Hello. I also analysed this at the same time at @talley so please excuse the duplication but there are a couple of other points.
Short answer:

  1. There is a strong white line of pixels (actually a couple) at the very bottom of the frame of your original so this explains the dominant verticals in the centre of your FFT.
  2. The compound pixels with upscaling artefact explain the walnuts.

Longer answer:
I found that FIJI did not give a clear FFT of all the issues here and not sure why so I used my own BiaQIm Image Processing Suite (BIPS) for the rest of the processing. See the difference between the two in the top row of the figure.
If you crop the bottom bright lines off the original you get a much clearer picture of the compound pixel artefact (middle row left).

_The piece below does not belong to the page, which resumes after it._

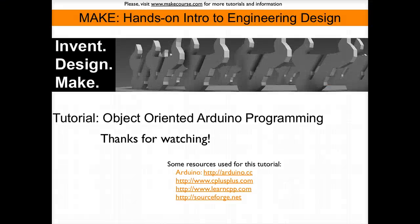This concludes our tutorial Object-Oriented Arduino Programming. Thanks for watching.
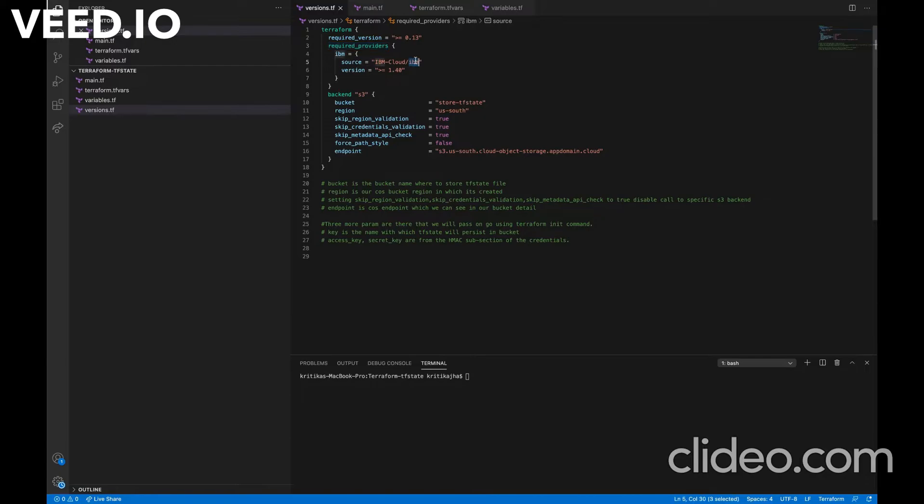Here we are going to specify which provider should Terraform install. In our case, it is IBM provider. Basically, it is a Terraform plugin that specifies which particular resources we need to specify. So here we are dealing with IBM cloud resources.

If you isolate the walnuts in the Fourier fomain and back-transform you can see the compound pixel boundaries they represent very clearly (bottom left).
Finally, as the compound pixels are 8x8 true pixels, if you do 2x2 binning three times you get down to the ‘original’ resolution and FFT of that gives you the expected transfer function (bottom right).

It appears that this ‘original’ was a compressed screen grab from someone who blew up an image of a PSF and captured part of the GUI window in the bottom of the image (the bright lines).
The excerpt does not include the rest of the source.